Heating shit up.

I’ve grown weary already of talking about the weather, but fairly, when everyone is standing around on heated stone everything else seems secondary. This is New York though, so it won’t last. There will be something else to talk about soon. Too much rain. Too cool for the beach. Summer too short. Too much this and that. We like to use the word “too” except in the inclusive sense. There is always too much or too little of something. It’s how we do, as the kids say.

I was party already this morning to three separate couples bickering. Maybe it’s the heat. Maybe it’s “how they do.” Who knows? It made me want to run away. “Too” familiar. “Too” close to home.

An accusatory tone, followed by the annoyed corrective “no.” You know that no.

Noo-oh… almost two syllables with an uptick on the second. Then a pause, and a semi-exasperated and entirely condescending correction.

Then the escalation response that begins with the hard stop, “No!”

So three couples who should probably give themselves some space today. Sit in different rooms or something. It’s just too hot. And my response each time was a nearly visible cringe and while I wasn’t in any way involved the triggers were there. I began to shut down. Like a switch. My lights go off. My brain goes clear. I retreat psychically to the fortress of solitude where such pointless exchanges never happen. They are going to natter away and bicker just for the sake of doing so, for reasons that very likely don’t have anything to do with their partners.
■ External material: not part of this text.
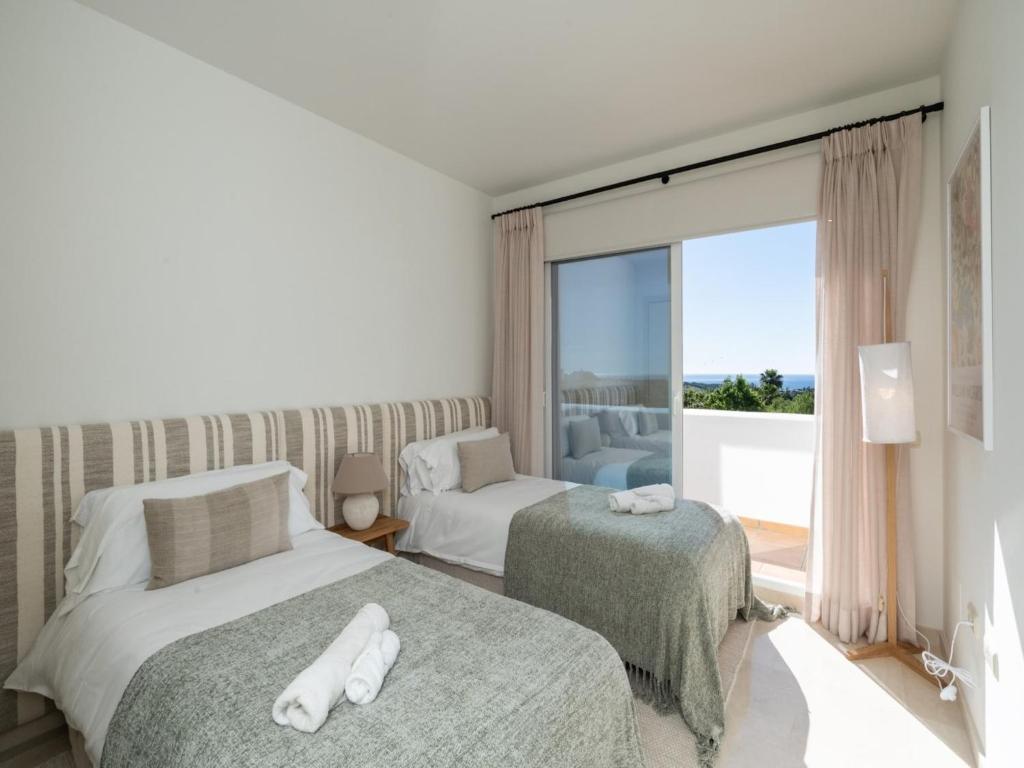 Exclusive Penthouse near Lagoon - 4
No thank you.

I just can’t dot com.

I can’t.

Seriously, I’m not even capable.

Anymore.

Unless there is a point or a goal in which case I am up for the discussion.

Funny how things change, because I have been there before but something broke or unbroke because I couldn’t if I wanted to just fight for the sake of it. I’m entirely open to backing off the feelings of the moment and discussing the hostility and its cause, but fighting for the sake of it makes me want to crawl under the bed and die.
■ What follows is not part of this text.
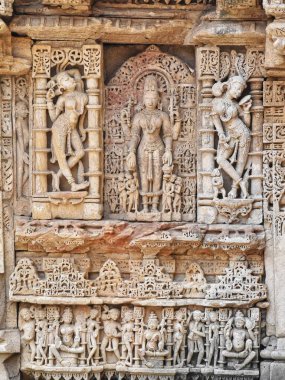 Hindu tanrılarının zarif oymaları Rani Ki Vav Stepwell 'in iç duvarlarını süslüyor, Patan, Gujarat' taki UNESCO Dünya Mirası Alanı, antik Hint zanaatkarlığı ve kültürel mirasını sergiliyor..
It’s always too something to fuck with that.

There was a point when I started writing this, but it’s lost. Probably too hot to think. It was interesting though, my visceral response to even others headed down the path with no real place to go. Examining it at a distance gave me the opportunity to look at how it’s played out in more recent situations. Partners and friends saw the veil come down and assumed that it was purposeful and spiteful when it was truly only a defense mechanism that seems to have shown up in my emotional armory. It is armor too, and not ammunition, if you see my point. It’s not something I employ, so much as the steel gates come down automatically. It’s a fairly new personal phenomenon. My first reaction used to be to take up arms and rush to battle to crush the advancing forces. Now it’s about repelling invaders, at least to buy time to address the situation rationally.

Anyway… some perspective on me, by me, and really… for me.